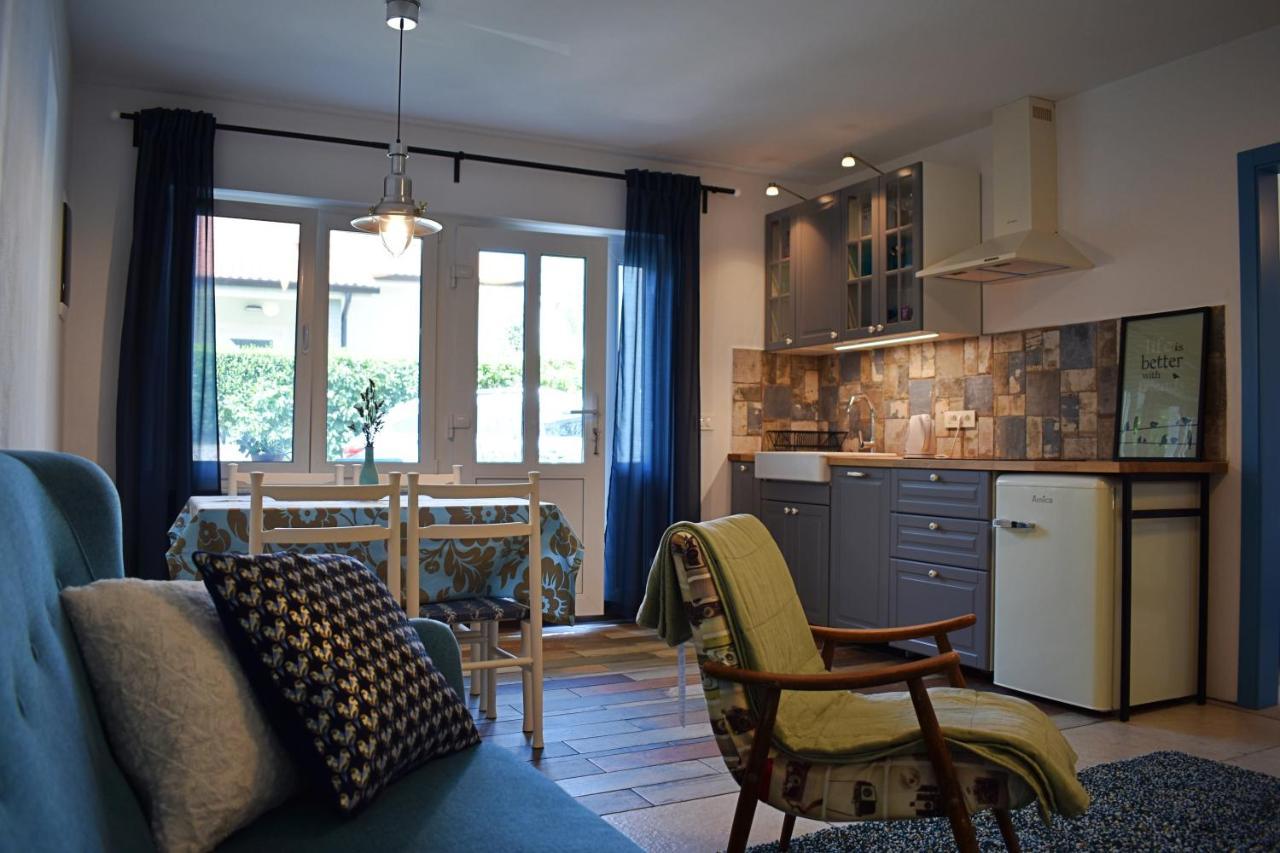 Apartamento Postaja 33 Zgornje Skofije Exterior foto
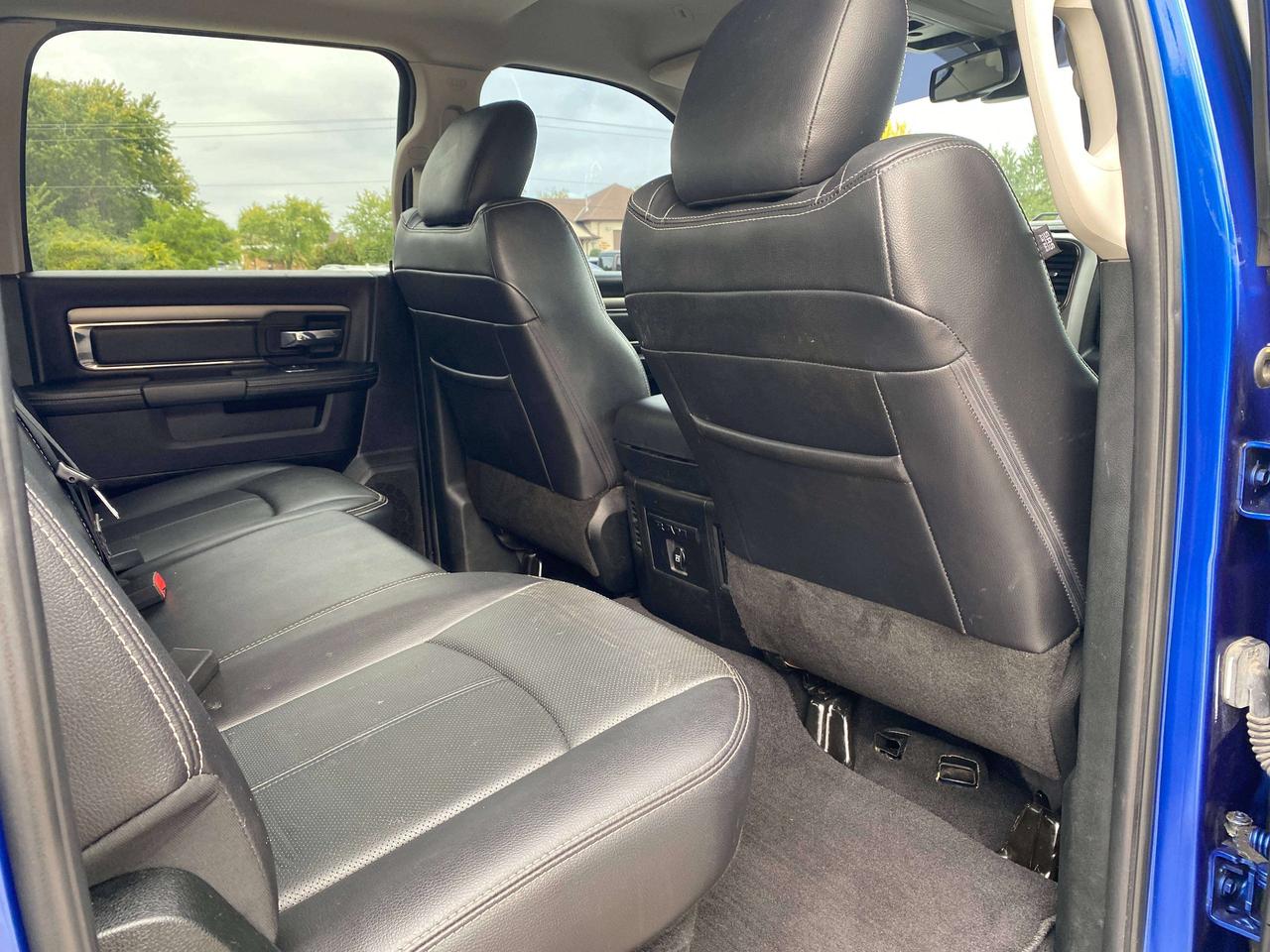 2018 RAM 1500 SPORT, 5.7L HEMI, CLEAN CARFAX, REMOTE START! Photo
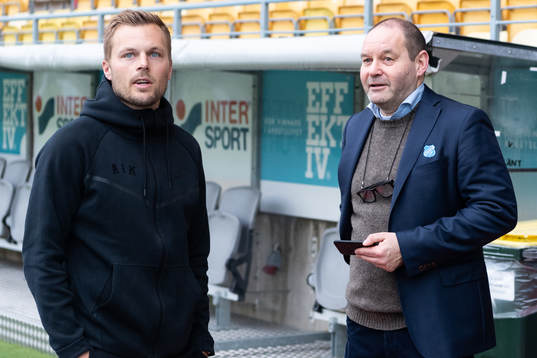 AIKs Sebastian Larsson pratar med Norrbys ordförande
§ §
About this task
Could you repeat the listing above exactly, omitting its pictures?

Solution
 Apartamento Postaja 33 Zgornje Skofije Exterior foto
 2018 RAM 1500 SPORT, 5.7L HEMI, CLEAN CARFAX, REMOTE START! Photo
 AIKs Sebastian Larsson pratar med Norrbys ordförande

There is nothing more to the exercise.